The Directors refers to the auditors observations in the secretarial audit report and as required under section 204(1) of the Companies Act, 2013 the company has obtained a secretarial audit report.

1. Publication of results audited and unaudited in newspaper:

The Company has not been doing that since the financial position of the company does not allow Board to incur such expenditure keeping in mind that the results are made available for investors and market through stock exchange.

2. Demat of promoters shareholding:

Promoters of the Company are in the process of getting their shareholding in demat form.

35. Reporting of Fraud

During the year under review, the Statutory Auditors and Secretarial Auditors have not reported any instances of frauds committed in the Company by its Officers or Employees, to the Audit Committee under Section 143(12) of the Companies Act, 2013 details of which needs to be mentioned in this Report.

36. Transaction with related Parties:

All contracts / arrangements / transactions entered by the Company during the financial year with Related Parties were in its ordinary course of business and on arms length basis. Pursuant to section 177 of the Companies Act, 2013 and regulation 23 of SEBI Listing Regulations, 2015, all Related Party Transactions were placed before the Audit Committee for its approval. There are no materially significant related party transactions made by the Company with Promoters, Key Managerial Personnel or other designated persons which may have potential conflict with interest of the Company at large.

The policy on related party transactions as approved by the Board is uploaded on the Companys website. The Companys management ensures total adherence to the approved Policy on Related Party Transactions to establish Arms Length Basis without any compromise.

Your Directors draw attention of the members to Note 36 to the financial statement which sets out related party disclosures.

37. Extract of Annual Return:

As provided under section 92(3) of companies Act, 2013 the extract of annual return is given in Annexure IV in the prescribed Form MGT-9, which forms part of this report. The weblink for the Annual Return placed on the Companys website is http://www.hytonetextiles.com.aspx.

38. Particulars of employee:

The information required under section 197 of the companies Act, 2013 read with rule 5(1) of the companies (Appointment and remuneration of managerial personnel) Rules, 2014 are given below:

A. Ratio of remuneration of each Director to the median employees remuneration for the financial year.

Name of director Designation Ratio
Mr. Amrut T. Shah Chairman & Managing Director

B. Percentage increase in remuneration of each director and Key Managerial personnel:

Name Designation % increase
Mr. Amrut T. Shah Chairman & Managing Director 0.19
Mr. Vijay Sagvekar Chief Financial Officer 7.69
Ms.
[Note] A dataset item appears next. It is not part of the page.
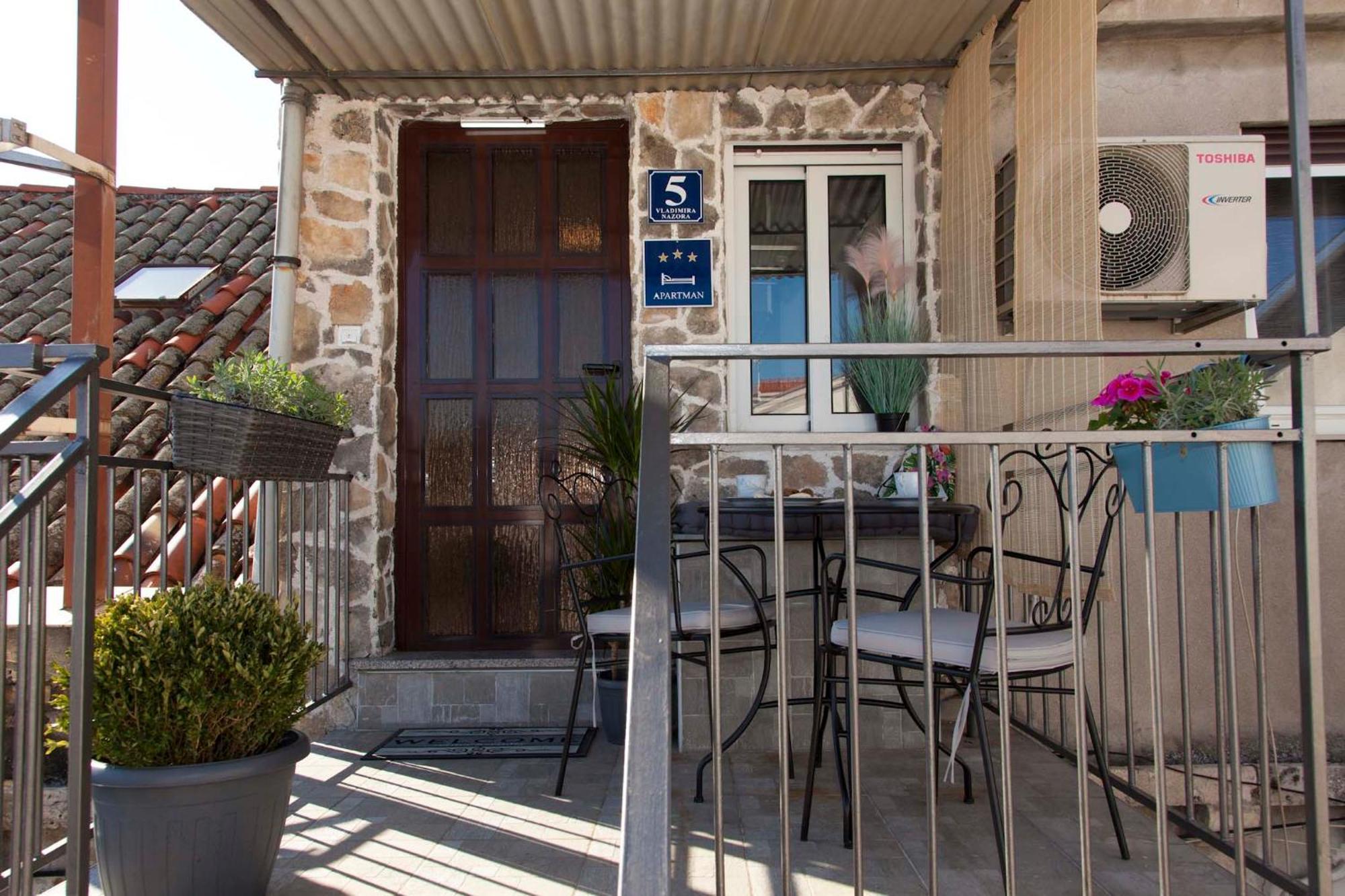 Apartment City Vibe, Great Location! Шибеник Экстерьер фото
Riddhi Thakkar* Company Secretary -

C. The Percentage increase in the median remuneration of the employee: 1.39%

D. Total number of permanent employees : 9

E. Average percentile increase made in the salaries of employees other than key managerial personnel in the last financial year and its comparison with the percentile increase in the managerial remuneration and justification thereof and point out if there are any exceptional circumstances for increase in managerial remuneration:

Average increase in made in the salaries of employees other than the key managerial personnel during the year is 16.72%

There are no other exceptional circumstances to increase in the remuneration of key managerial personnel and increase in the remuneration has been in accordance with the Companys policy. The increment given to each individual employee is based on the employees potential, experience as also their performance and contribution to the Companys progress over a period of time.

F. The company affirms that the remuneration is as per the remuneration policy of the Company.
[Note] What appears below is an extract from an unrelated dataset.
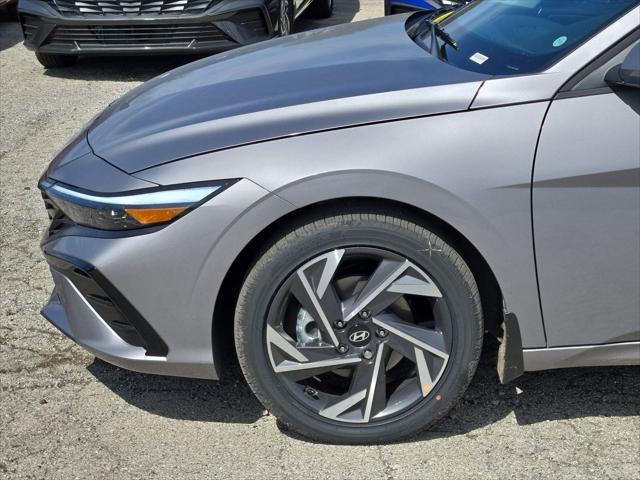 new 2025 Hyundai Elantra car, priced at $25,981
Disclosure under Rule 5(2) and 5(3) of the Companies (Appointment and Remuneration of Managerial Personnel) Rules, 2014 is not applicable to any of employees of the company.

39. Conservation of Energy, Technology Absorption and Foreign Exchange Earnings and Outgo:

The information under Section 134(3)(m) of the Companies Act, 2013 read with Rule 8 (3) of the Companies (Accounts) Rules, 2014 for the year ended March 31, 2019 is given below:

(A) Conservation of Energy:

(i) the steps taken or impact on conservation of energy –The Company has not continued with any manufacturing or processing activity. Considering the nature of Companys business there is no reporting to be made on conservation of energy in its operations.
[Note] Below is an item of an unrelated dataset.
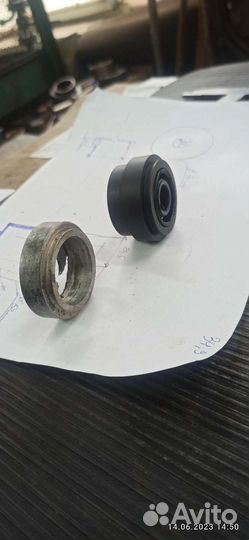 Опорная шайба на винтовой вал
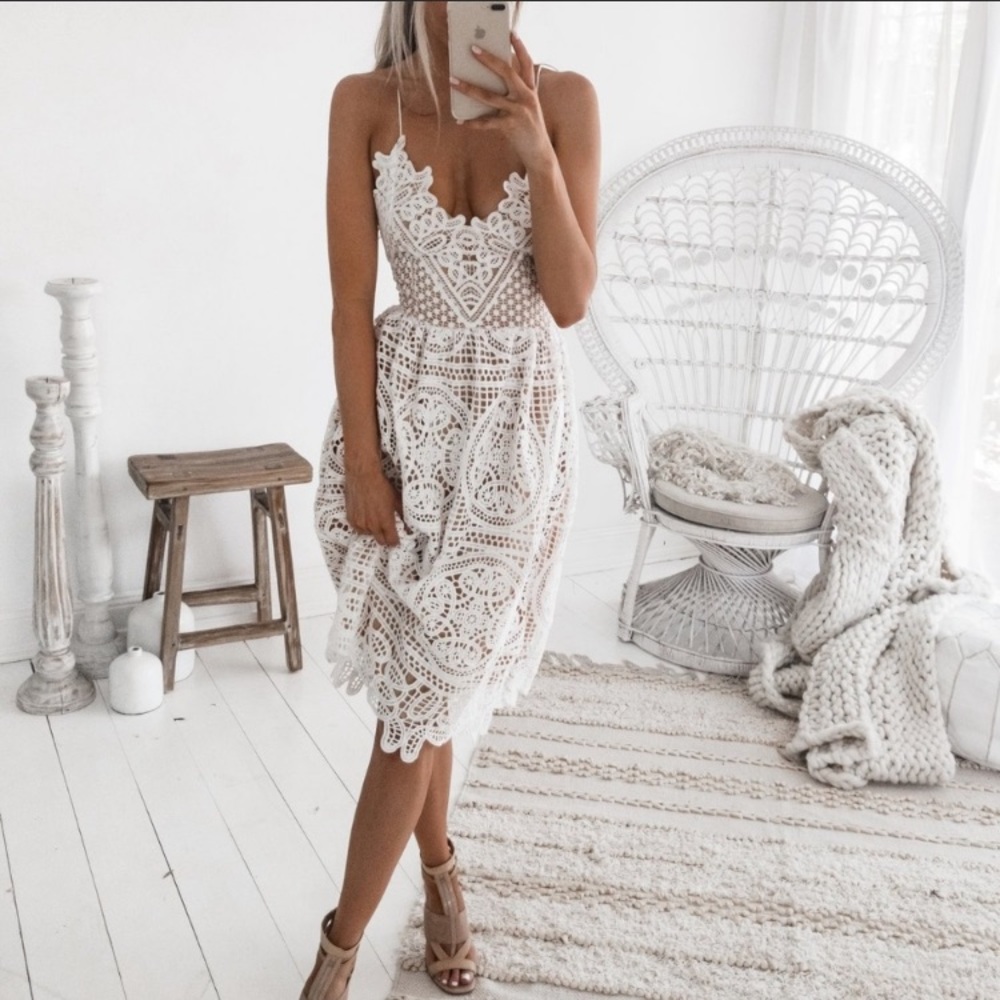 Born To Be Chic- Bella White Lace Dress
(ii) the steps taken by the Company for utilising alternate sources of energy – NIL

(iii) the capital investment on energy conservation equipments – NIL

(B) Technology Absorption:

(i) the efforts made towards technology absorption – NIL

(ii) the benefits derived like product improvement, cost reduction, product development or import substitution – NIL

(iii) in case of imported technology (imported during the last three years reckoned from the beginning of the financial year)- Not applicable

(a) the details of technology imported;

(b) the year of import;

(c) whether the technology been fully absorbed;

(d) if not fully absorbed, areas where absorption has not taken place, and the reasons thereof; and

(iv) the expenditure incurred on Research and Development – NIL

(C) Foreign Exchange Earnings And Outgo:

Current Year Previous year
Foreign Exchange Outgo Nil Nil
Foreign Exchange Earnings Nil Nil

40. Particulars of Loans, Guarantees, or Investments:

There were no loans, guarantees given by the company under section 186 of the Companies Act, 2013 during the year under review and hence the said provision is not applicable. The details of investment made are enumerated in the Notes to Accounts.

41. Deposits from public:

During the year under review, your Company has not accepted or renewed any Deposit, within the meaning of Section 73 of the Companies Act, 2013, read with the Companies (Acceptance of Deposits) Rules, 2014 and as such, there are no outstanding deposits in terms of the Companies (Acceptance of Deposits) Rules, 2014. Hence, the requirement of furnishing details of deposits which are not in compliance of Chapter V of the Act, is not applicable.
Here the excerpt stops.